North Korea’s Sixth Nuclear Test
Pyongyang claims that the test was their second successful test of a hydrogen bomb, and although there is no way for Western sources to verify whether or not the weapon tested was actually an H-bomb, the evidence seems to back up the country’s claims. According to various experts, the bomb tested on Sunday likely had a yield of approximately 120 kilotons of TNT. If true, this would make it more than six times stronger than any previous North Korean nuclear test.
To put things in perspective, the latest North Korean test was far more powerful than either of the two nuclear bombs that the United States dropped on Japan at the end of WWII. ‘Little Boy,’ the bomb dropped on Hiroshima, was measured at approximately 15 kilotons of TNT, whereas the ‘Fat Man’ bomb dropped on Nagasaki was only 20 kilotons.
The US Reaction to North Korea’s Latest Nuclear Test
The latest North Korean nuclear test drew a swift and sharp rebuke from virtually all of the world’s major powers. As expected, U.S. President Donald Trump was one of the most vocal critics of the test, but unusually, his criticisms weren’t only reserved for North Korea and its Chinese backers. Instead, Trump almost immediately took to Twitter to criticize his South Korean counterpart for suggestions that South Korea would be willing to negotiate with the North in exchange for ending its weapons program.

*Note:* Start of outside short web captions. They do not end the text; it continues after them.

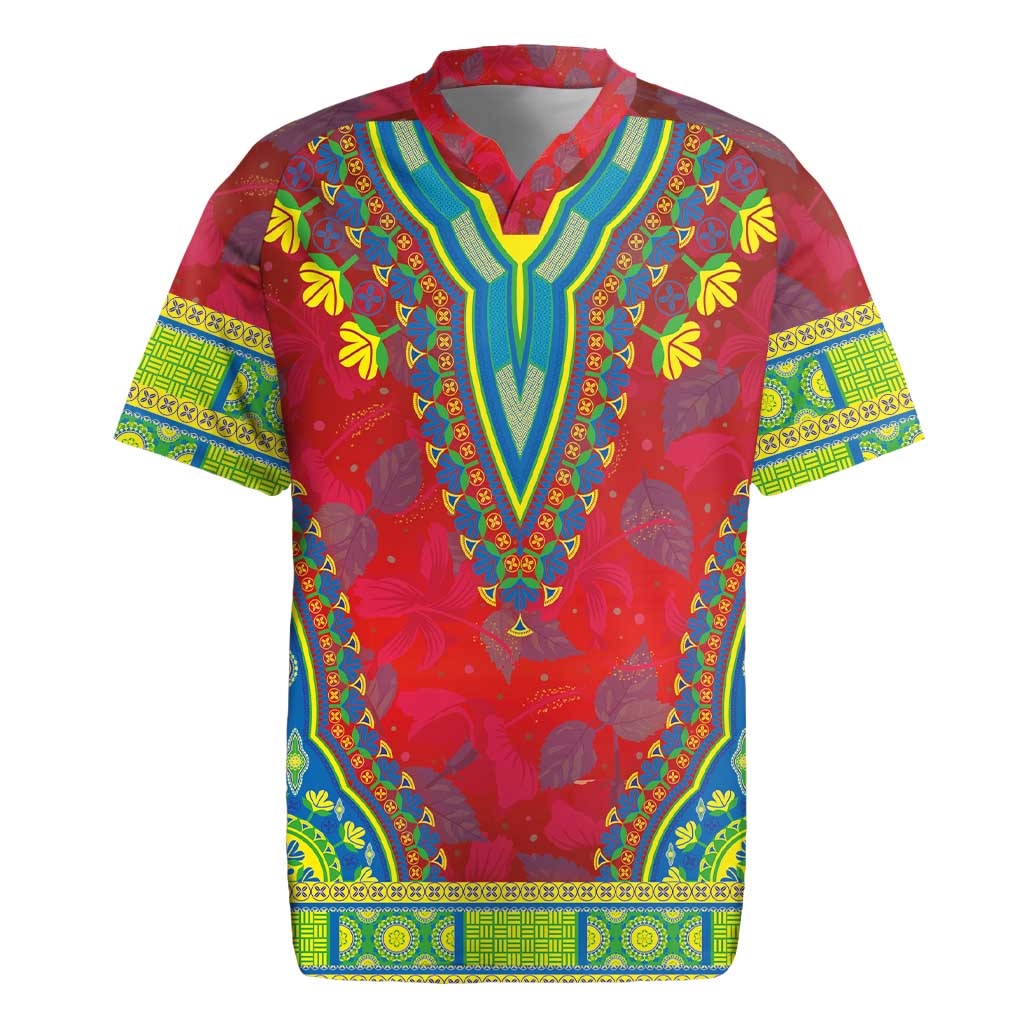 Haiti Choeblack Dashiki Style Rugby Jersey Red Color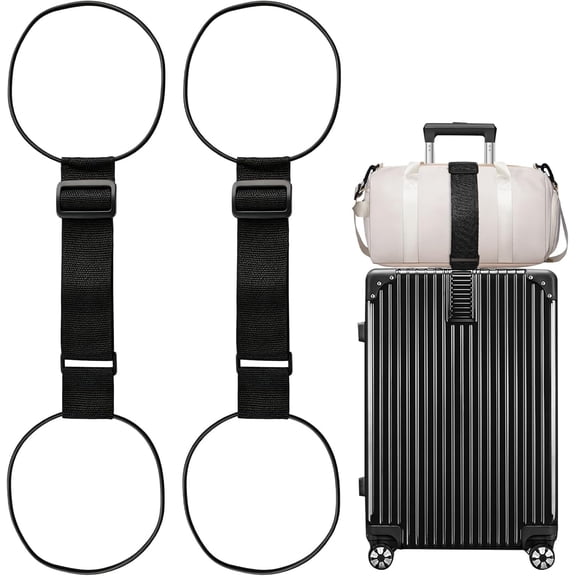2 Pack Luggage Straps Elastic Strap for Suitcases Adjustable(Black)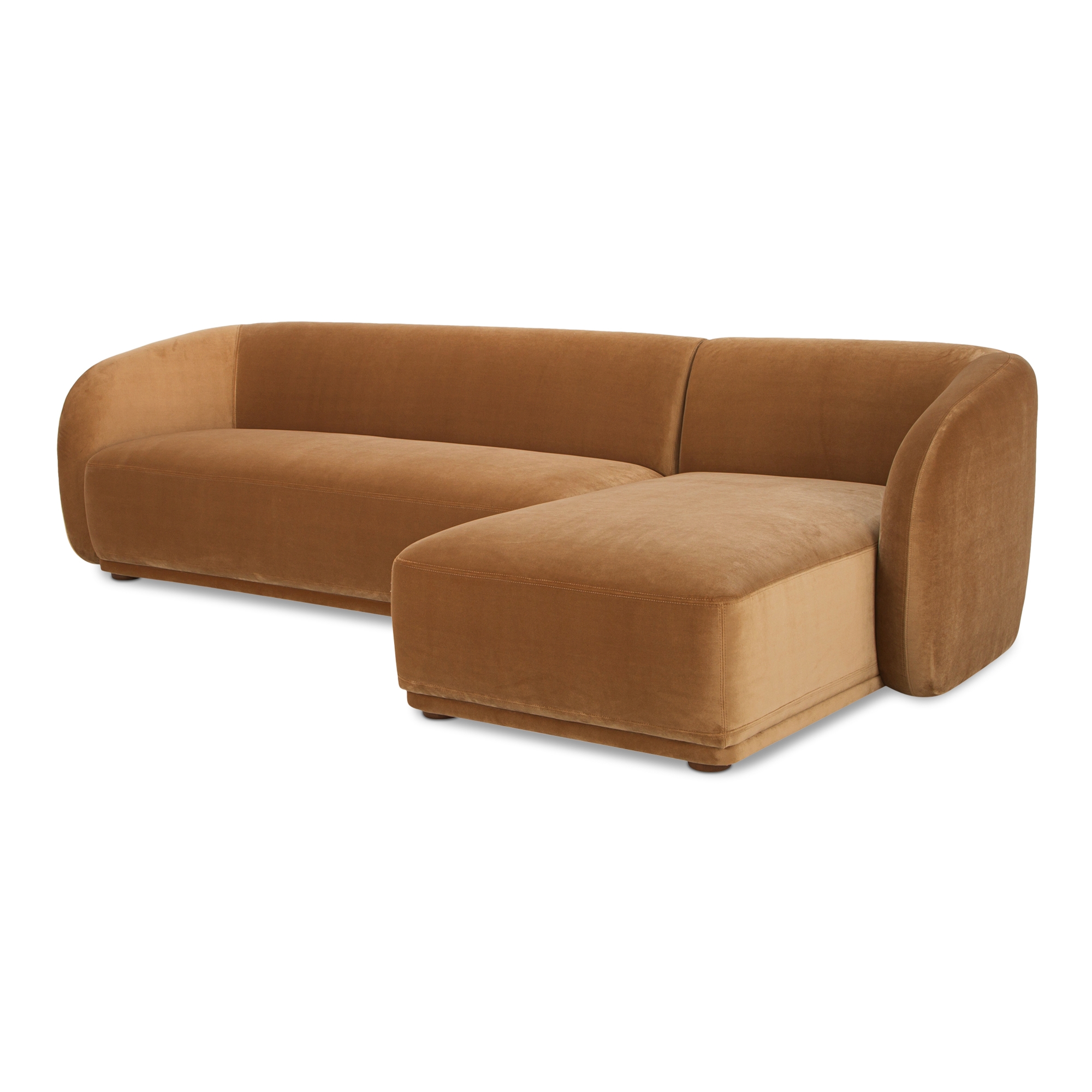 Faye Right Sectional Tan Faux Mohair - Image 1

President Trump even went so far as to suggest that potential military action against North Korea is now an option, despite every indication showing that this would be a disastrous move for both the United States and the rest of the world. When pressed on the issue as to whether the U.S. would conduct a military strike against Pyongyang for the latest provocation, the only response the US President could muster was ‘We’ll see.’
China, Russia and North Korea vs. US and the West
The biggest problem in the current North Korea situation is that there seems to be no easy solution. In fact, it seems that we are running out of options in general. Despite the fact that the U.S. and most nations continues to condemn Pyongyang for its continued weapons tests, China and Russia seem to oppose any new UN sanctions against the country. Of course, there are also those who believe that the idea of using sanctions to force North Korea’s hand has already been tried and failed, and it seems that much of the current U.S. executive branch is of this opinion.
The problem is that other than continuing to pile new sanctions on North Korea, it doesn’t actually seem that there is much that the U.S. and the West can do to reign in Kim Jong Un’s threatening actions. In fact, the latest rounds of sanctions imposed after the country’s recent missile launch over Japan seem to have had no effect of causing Pyongyang to reel in its military tests, and if anything, have only served to make the North Korean dictator more determined to provoke the U.S. Case in point: the pictures that Kim Jong Un took posing next to his country’s apparent H-bomb shortly before the test took place.
Unfortunately, the question of war over the Korean peninsula is one that is becoming more difficult to answer with every passing day. The North Korean regime seems unwilling to restrain their actions and ready to provoke the U.S. at every turn. Still, the question remains as to what President Trump will do, and whether his advisors will be able to convince him to take a more conciliatory tone and seek negotiations with Pyongyang, or whether the bellicose rhetoric on both sides will eventually spill over into war.